Pendred (Penny) Noyce, MDIn an era of widespread misinformation, Pendred (Penny) Noyce, MD, and her husband, Leo X. Liu, MD, believe that the rigorous critical thinking essential to science is key to preserving a free and multicultural society.

“Science is a good venue for starting to talk about misinformation, because it is possible to discern truth,” Penny says. “This has led me to believe that there is a teachable thing called ‘critical thinking,’ which is necessary for civil civic debate.”

Penny—who earned a BA in biochemistry from Harvard University and an MD from Stanford University School of Medicine—has been focusing on the intersection of science and critical thinking in her professional and philanthropic work for decades.

“Looking at the big issues our country and the world face—like climate change, authoritarianism, racism, and xenophobia, which may intersect in some ways—our future citizens need to be able to think clearly and cut through lies,” she says.

This belief inspired Penny and Leo to become the first major supporters of the Public Scholarship Shop, an initiative of Boston University’s Center for Antiracist Research. The Public Scholarship Shop will forge relationships between the Center’s scholars and the media, with the goal of making scholarly writing and research accessible to a broad audience. Faculty will be trained in pitching stories to reputable public-facing media outlets and connecting with editors, producers, and literary agents, so their pathbreaking antiracism work can be disseminated beyond the academy and into the public sphere.

Penny’s educational philanthropy dates back to her founding of the Noyce Foundation, created by her family in 1990 to honor the memory and legacy of her father, Silicon Valley pioneer Dr. Robert N. Noyce—co-founder of Intel and inventor of the integrated circuit, which fueled the personal computer revolution. One of the foundation’s priorities was to build the field of after-school science through research, advocacy, and capacity-building, so that many more children can have fun and inspiring experiences in science and engineering programs outside of school.
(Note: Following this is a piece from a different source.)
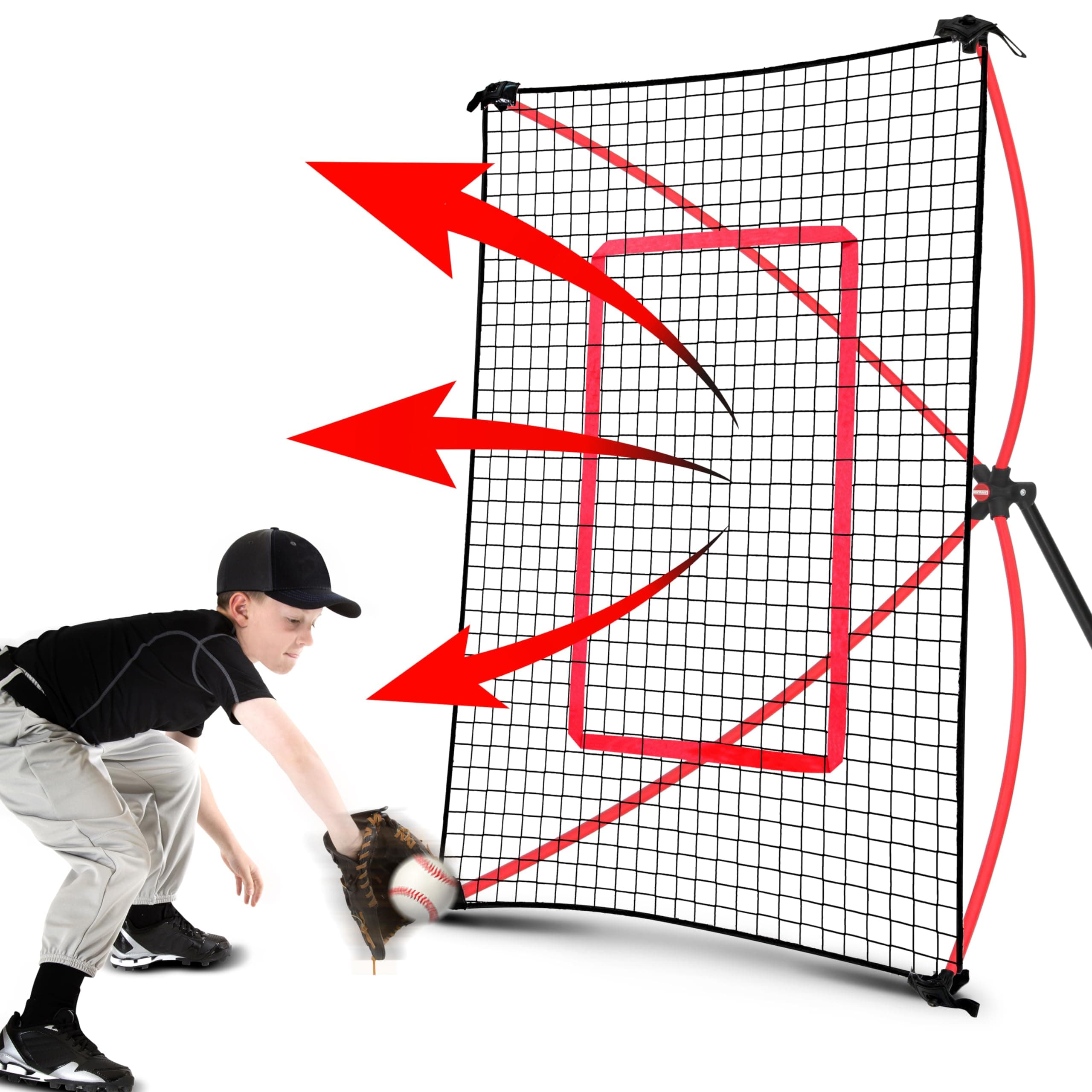 NET PLAYZPitchBack Portable Baseball Rebound Net, 5ft x 3ft, Quick Set Up, Lightweight, Multi Angle Adjustment, Baseball Training Net, Suitable for Throwing, Pitching & Fielding, Black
Penny has carried on the Noyce Foundation’s legacy as editorial director of Tumblehome Learning, which she created to immerse children in STEM education with books that combine science and literature. Tumblehome has since expanded its offerings to include workshops and learning materials, and it has recently launched a new program, Get Ready for AI: Artificial Intelligence Education for K–12.

Leo, too, is dedicated to bringing a love of science to children. Since 2003, he has served as a trustee of the Museum of Science, and he chaired the task force for conceptualizing the museum’s Hall of Human Life, an interdisciplinary exhibition of human biology and medicine that opened in 2013.

Penny and Leo learned about the Center through their shared admiration of its founder and director, Dr. Ibram X. Kendi. Among his many accomplishments, Dr. Kendi is the best-selling author of Stamped from the Beginning: The Definitive History of Racist Ideas in America, which won the National Book Award for Nonfiction in 2016. He is also the Andrew W. Mellon Professor in the Humanities at BU.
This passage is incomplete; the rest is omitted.